There was a presumption of anonymity among State members. Their role was to be the example of fully committed sodalists. While Father Chaminade’s notes from Bordeaux only mention groups of men, he was at the same time corresponding with Adèle de Batz de Trenquelléon in Agen to form an etat of women in this region. They were charged with starting sodalities in that region.
The members of the Etat are not (to) be exteriorly different from the ordinary Sodalists, although (at least for the feminine group) they are to form other Sodalists secretly in the paths of perfection. They have no special obligations, unless it be to fulfill the ordinary duties of the Sodalist more perfectly.[17]
The Sodality and Etat were devotedly Marian with the expectations of emulating Mary’s twelve virtues that are mentioned in the Gospels. (See appendix II for Mary’s virtues.) I will touch on these virtues later in this work. The ever-present devotion by Chaminade’s requirement of living Mary’s virtues is evident in his notes, from document 46 (b) below.
Its proximate end is the habitual exercise of a true and solid devotion to the Blessed Virgin, or the practice of the 3 great duties of devotion to the Blessed Virgin, to honor her, to invoke her, to imitate her.
The early State members made commitments and later some professed vows of obedience in secret, starting with a three-month commitment and over time advancing to six months then annual vows.
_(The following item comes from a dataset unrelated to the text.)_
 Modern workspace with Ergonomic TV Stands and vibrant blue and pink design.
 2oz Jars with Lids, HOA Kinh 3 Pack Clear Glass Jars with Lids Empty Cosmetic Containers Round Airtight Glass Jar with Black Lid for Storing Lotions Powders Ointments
As they became more organized, Father Chaminade wanted them to profess the evangelical counsels of poverty, chastity, and obedience but still live in the world.
The State (Etat) was that inner core of more fervent sodalists on whom grace had made a deeper impression and who were led into the paths of perfection while remaining in the world, by embracing the evangelical counsels of poverty, chastity, and obedience in their completeness.[18]
Father Chaminade allowed for three levels or classes of commitment in the State: those with families, those who are contemplating a full religious life, and those for whom a vocation to full religious life was too late or not practical because of personal commitments.
So within the ranks of the Sodality, he founded various groups belonging to the state of the Sodality. To one such group he stated that there will be three classes of persons admitted: 1) those who because of family ties are unable to leave home to join a religious order; 2) those who are thinking in general of becoming religious and who want to prepare themselves more directly for their vocation; 3) those who realize now that they have had a vocation but did not follow it and who therefore wish to give themselves more directly to God.[19]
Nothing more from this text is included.